Sugar High
Hawaii's former agricultural region harvests its history.
By Sophia Schweitzer | Online Only | February 15, 2002
Longtime residents of North Kohala on the Big Island of Hawaii make do by hunting pigs or taking service jobs at the resorts farther down the coast; they travel in dusty pickups, and beer is their libation of choice.
North Kohala, the 133-square-mile agricultural region of green hills and jungle valleys, is four islands away from the state's thriving capital, Honolulu, on Oahu. After the demise of their sugar plantation in the early 1970s, North Kohala residents struggled to keep schools, ethnic restaurants, hotels, theaters, and stores open. Those who could afford to fled to Honolulu, leaving once-proud gabled buildings to decay in the tropical heat and humidity.
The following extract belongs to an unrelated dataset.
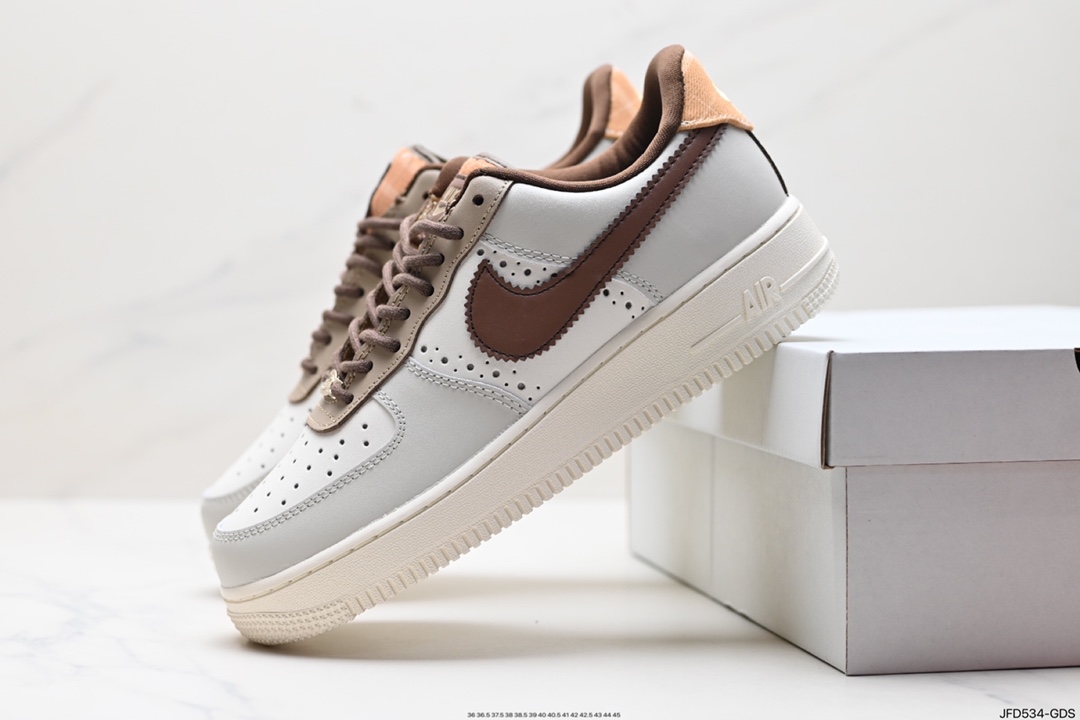 170 耐克Nike Air Force 1 Low 空军一号低帮百搭休闲运动板鞋 FV3702-121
In the past decade, though, affluent baby boomers with a taste for SUVs, lattes, and California wine have moved in from the U.S. mainland. These boomers are capitalizing on the region's wooden wealth, the everyday merchant buildings from the not-so-distant, prosperous plantation days. Several recently restored structures have made North Kohala something of a tourist destination, and newcomers and old-timers alike are pinning their hopes of reviving the economy on the region's past.
North Kohala has a seesaw history. Before contact with Western societies, more than 8,000 Hawaiians farmed its rainy, fertile slopes. King Kamehameha, head of a dynasty that ruled the islands for a century, was born here in 1758; today a nine-foot-tall, 123-year-old statue of him stands on a hill in the little town of Kapaau. The king's name means "one set apart," but Hawaiian isolation began to crumble in 1778 when Captain James Cook arrived, and with him Western concepts of trade. Inevitably, laws were passed (in 1850) that for the first time allowed private land ownership. The Hawaiian Islands became land parcels with prices few could afford. Hawaiians, unable to buy their own land, were forced to leave their homes.
In the late 1860s, a young missionary desperate to provide income for his dwindling flock established the Kohala Sugar Plantation, jolting the region's economy. (Because the United States agreed to become a duty-free market for sugar in 1875, plantations sprouted up all over Hawaii.) By the early 1900s, thanks to a masterpiece of hydro-engineering known as the Kohala Ditch, North Kohala flourished. Laborers from China, the Philippines, Japan, and Puerto Rico worked the fields and lived in camps of simple wood houses near the five sugar mills on the plantation. Dozens of commercial buildings sprang up in the region's two towns, Hawi and Kapaau.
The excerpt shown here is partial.